Function analysis and conditional logic

Function identification

Functions can be located via symbol tables, prolog/epilog patterns, or cross-references. Tools like Ghidra detect them automatically.

Every function begins with a prolog that sets up the stack frame (push ebp, mov ebp, esp) and ends with an epilog that restores it and returns (pop ebp, ret). Between them, calls (call) transfer control to subroutines, while jumps (jmp, je, jne) implement conditional branching, often preceded by a comparison (cmp).

Conditional analysis

Program decisions are represented as blocks with comparison instructions (cmp) and conditional jumps (je, jne, jg, jl).

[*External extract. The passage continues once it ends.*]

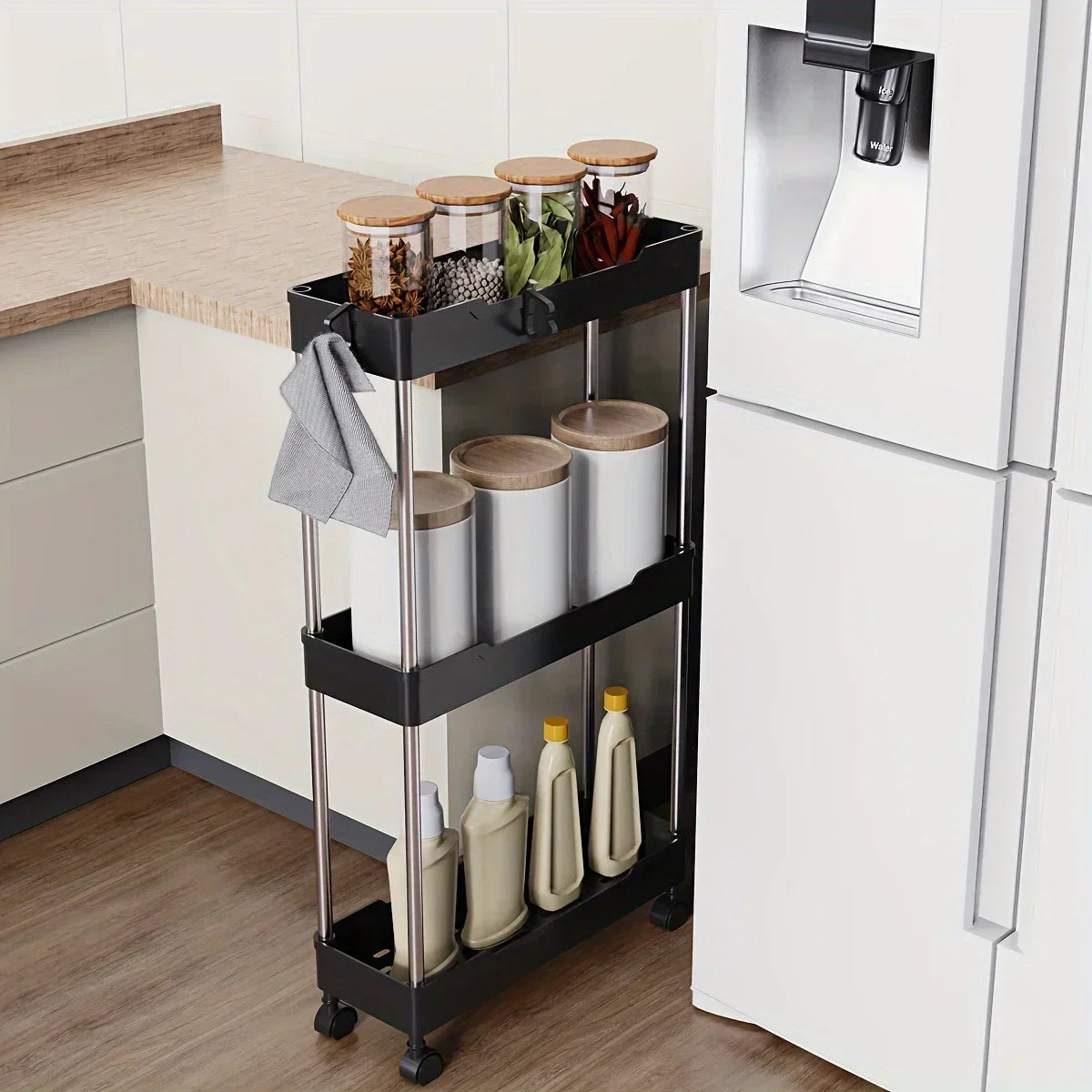 Hemasa Bathroom Storage Rack With Wheels 3/4 Layer Rolling Utility Cart Bathroom Storage Organizer Multi-purpose Corner Shelf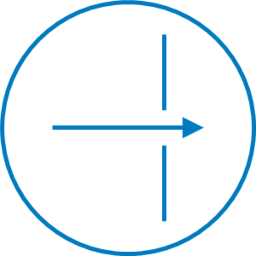 Isotype of the concept “review process” performed with a horizontal arrow pointing to the right that cuts a vertical line.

Understanding this logic helps identify critical branches: password validation, flow decisions, anti-analysis tricks.

Common techniques include following the execution flow with gdb or a graphical tool, focusing analysis on the code around main, printf, system, and network or system calls, and tracing how variables and buffers move on the stack.


Ethics and legality of binary analysis

Reverse engineering can have legitimate uses (auditing, research, learning), but it can also violate:

  • Copyright laws (restrictive licenses)
  • Terms of use (EULA)
  • Cybercrime laws if done without consent

In practice, this means only analyzing software from legitimate sources or binaries created for educational purposes, avoiding distribution of modified code without permission, and documenting all analysis for academic or security-improvement purposes. All technical practices must be backed by clear ethical principles and explicit authorization.


Hands-on lab

Requirements: Kali Linux, gdb, Ghidra or Cutter

In this lab you will analyze a binary that asks the user for a password. Your goal is to find the correct password without access to the source code, using only reverse engineering tools and techniques.

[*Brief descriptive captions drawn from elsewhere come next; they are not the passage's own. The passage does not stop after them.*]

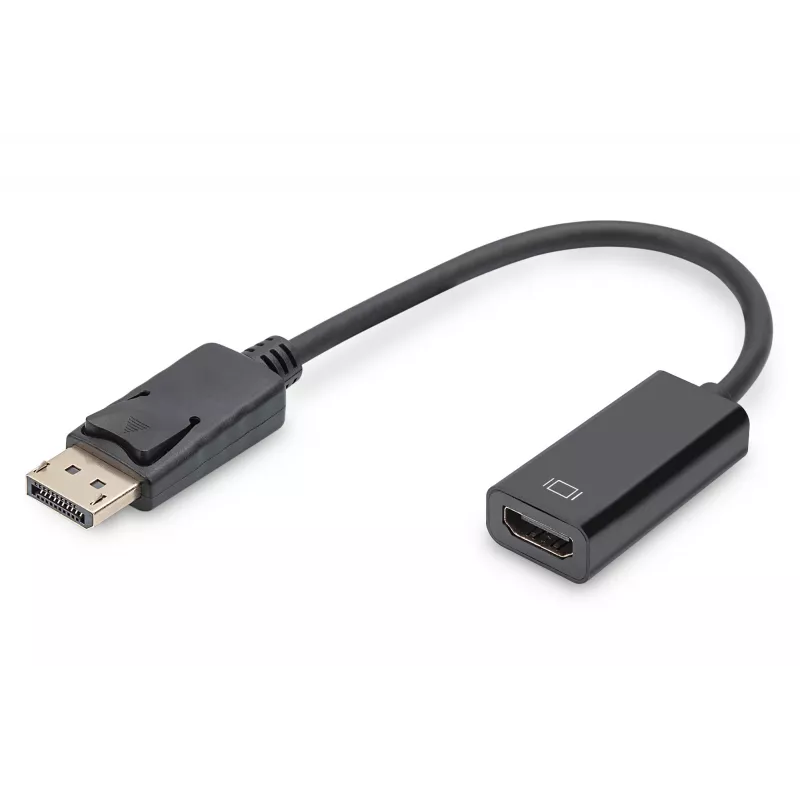 DIGITUS Adapter, DisplayPort Stecker - HDMI A Kupplung DisplayPort Standard 1.1a, UL20276 zertifiziert, AWG28 (DB-340400-001-S)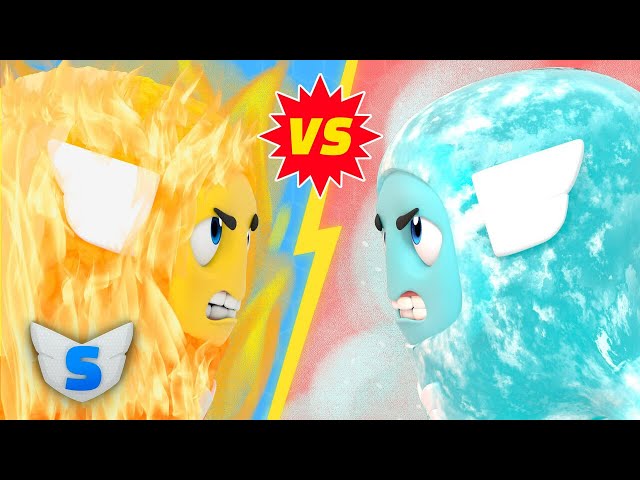 SUPER FIRE vs. SUPER ICE: HOT vs COLD superpower challenge - SuperHero Battle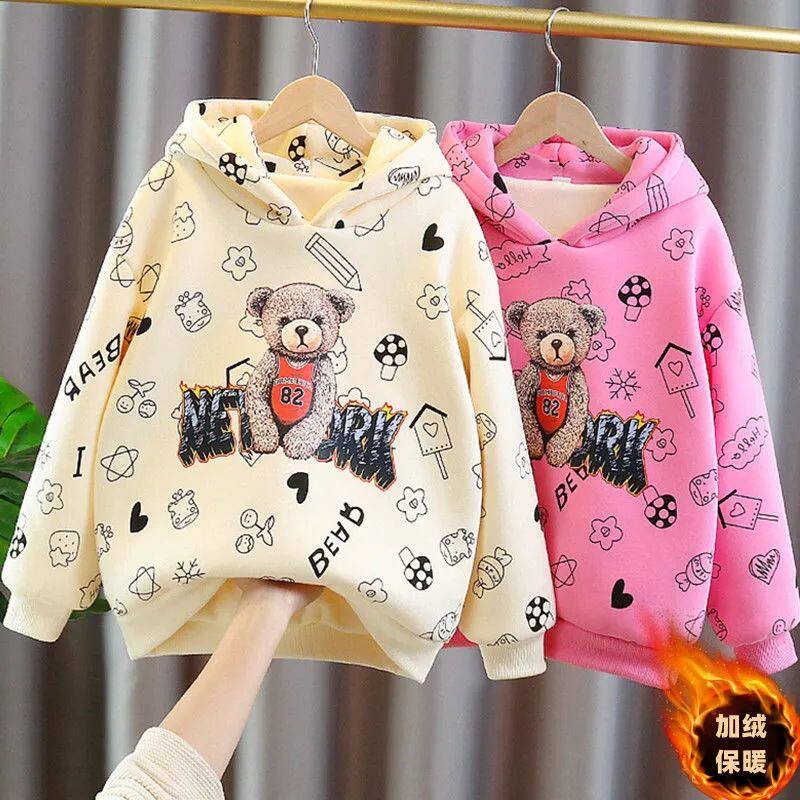 女童加绒洋气连帽秋冬季卫衣女宝宝时髦加厚上衣韩版儿童冬装休闲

Part 0: Download the binary

  1. Download the crackme from crackmes.one. You will get a .zip file.

  2. Extract it. The zip file is password-protected — the password is crackmes.one:

unzip crackme.zip
  1. Make the binary executable:
chmod +x passguess

You should now have the passguess binary ready to analyze.

Part 1: Initial reconnaissance

Before opening any advanced tool, gather basic information about the binary.

  1. Determine the file type. Run the following command and note whether the binary is 32-bit or 64-bit, statically or dynamically linked, and whether symbols have been stripped:
file passguess

Write down the architecture (e.g. ELF 64-bit LSB executable, x86-64) — you will need this to choose the correct analysis mode later.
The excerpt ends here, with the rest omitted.